Cayó el verano y la fama de nuestro héroe se había extendido tanto que llegaron navíos de ultramar a comprobar por sus propios ojos lo que se contaba de este señor caballero. Se organizó un torneo para dar la bienvenida a los forasteros y el héroe aprovechó para contar sus hazañas con La Legendaria, alimentando tanto su fama como su ego; uno de los soldados de ultramar retó al héroe en duelo, y éste aceptó encantado, mas el soldado exigió que el héroe luchara con ningún otro acero más que con La Legendaria.
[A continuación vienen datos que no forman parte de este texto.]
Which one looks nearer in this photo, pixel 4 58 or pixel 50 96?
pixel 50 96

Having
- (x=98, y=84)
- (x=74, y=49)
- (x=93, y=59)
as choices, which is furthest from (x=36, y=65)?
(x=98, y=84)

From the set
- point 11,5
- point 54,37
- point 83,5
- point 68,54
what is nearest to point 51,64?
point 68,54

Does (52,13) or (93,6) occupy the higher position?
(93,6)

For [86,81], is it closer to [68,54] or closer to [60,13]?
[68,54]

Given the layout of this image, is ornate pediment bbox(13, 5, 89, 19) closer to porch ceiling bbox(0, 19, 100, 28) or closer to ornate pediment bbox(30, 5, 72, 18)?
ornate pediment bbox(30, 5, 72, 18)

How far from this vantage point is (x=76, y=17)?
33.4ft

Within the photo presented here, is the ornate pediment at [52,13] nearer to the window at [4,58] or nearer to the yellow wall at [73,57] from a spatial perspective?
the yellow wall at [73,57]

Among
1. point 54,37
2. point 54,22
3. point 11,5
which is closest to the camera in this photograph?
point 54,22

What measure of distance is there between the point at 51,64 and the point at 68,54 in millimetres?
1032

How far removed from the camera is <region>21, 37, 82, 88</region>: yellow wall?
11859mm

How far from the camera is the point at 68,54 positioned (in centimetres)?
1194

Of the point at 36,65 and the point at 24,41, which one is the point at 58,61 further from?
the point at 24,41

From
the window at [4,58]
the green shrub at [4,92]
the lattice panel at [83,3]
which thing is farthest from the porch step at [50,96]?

Cegado por el orgullo y el placer de la fama, el héroe no dudó en desenvainar su arma de oro y piedras preciosas, precisa y letal, y aceptar las condiciones del soldado.
Sin embargo, el héroe no reparó en que La Legendaria, la niña de sus ojos, llevaba demasiado tiempo sin recibir cuidado alguno, y cuando el pobre pero sólido acero del soldado chocó con ella, ésta estalló en mil pedazos, despojando al héroe de todo por lo que había vivido.
Cuida lo que te importa; puede que no sea tan indestructible como crees.